P.S. : Au Sommet des non-alignés au Caire en 1964, Amilcar Cabral a décrit l’ONU comme un « géant aux mains liées » et sa réforme est devenue une priorité pour le mouvement. Beaucoup a été fait pour rendre les organes des Nations Unies tels que l’ECOSOC plus représentatifs, et la création d’organes tels que la CNUCED et l’ONUDI est devenue une impulsion importante pour les processus de planification du développement national dans les pays du sud, tandis que l’UNESCO a commencé à plaider en faveur de pratiques culturelles décoloniales. Dans le même temps, le Conseil de sécurité n’a jamais subi de réformes et le droit de veto est resté entre les mains des États les plus puissants, qui sont souvent les principaux agresseurs dans le monde. Plus important encore, le centre de la domination mondiale sur les processus économiques et sociaux est passé de l’ONU et de ses agences à la Banque mondiale, au FMI et à l’Organisation mondiale du commerce. Par conséquent, une réforme de la gouvernance mondiale, dans laquelle l’ONU et les acteurs non étatiques au sein de sa structure joueraient un rôle plus important, est plus nécessaire que jamais, mais en même temps moins probable. C’est peut-être secondaire, mais il y a beaucoup de discussions dans les médias sur le fait que de nombreux pays du Sud se sont abstenus lors de la première résolution de l’ONU sur l’Ukraine. Ces pays ont certainement le sentiment que la guerre en Ukraine ne les concerne pas, leur attitude peut découler de leur vieille loyauté envers l’URSS et de l’aide qu’ils en ont reçue après l’indépendance, mais cela peut aussi être compris comme un « signal de vie post-mortem » du non-alignement, un appel à se retirer du régime politique des superpuissances et à appliquer systématiquement le droit international.

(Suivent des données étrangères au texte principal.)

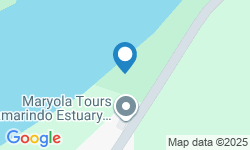 map-thumbnail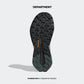 ADIDAS TERREX TRAILMAKER 2.0 GORE TEX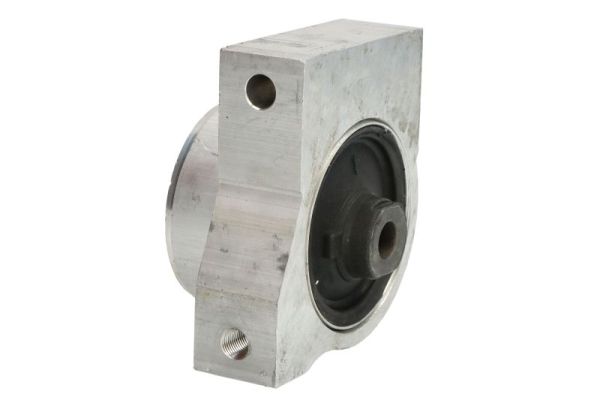 Ilustracja J44054CYMT YAMATO tuleja wahacza / poduszka wahacza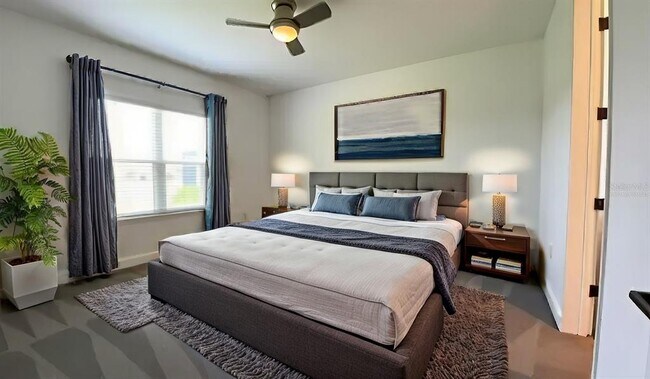 Building Photo - 13845 Old Creek Ct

N. : Les non-alignés nous rappellent la nécessité d’un système multipolaire et du multilatéralisme. N’est-ce pas la tâche la plus urgente dans une situation où nous sommes menacés par une nouvelle guerre froide ?

P.S. : Je ne sais pas si un monde dominé par plusieurs États, dont l’Inde et la Chine, engagés dans un combat pour l’hégémonie, serait plus favorable qu’un monde bipolaire où le non-alignement apparaitrait comme un contrepoids. Aujourd’hui, nous avons une realpolitik de la puissance qui, comme on le voit, est assez terrifiante.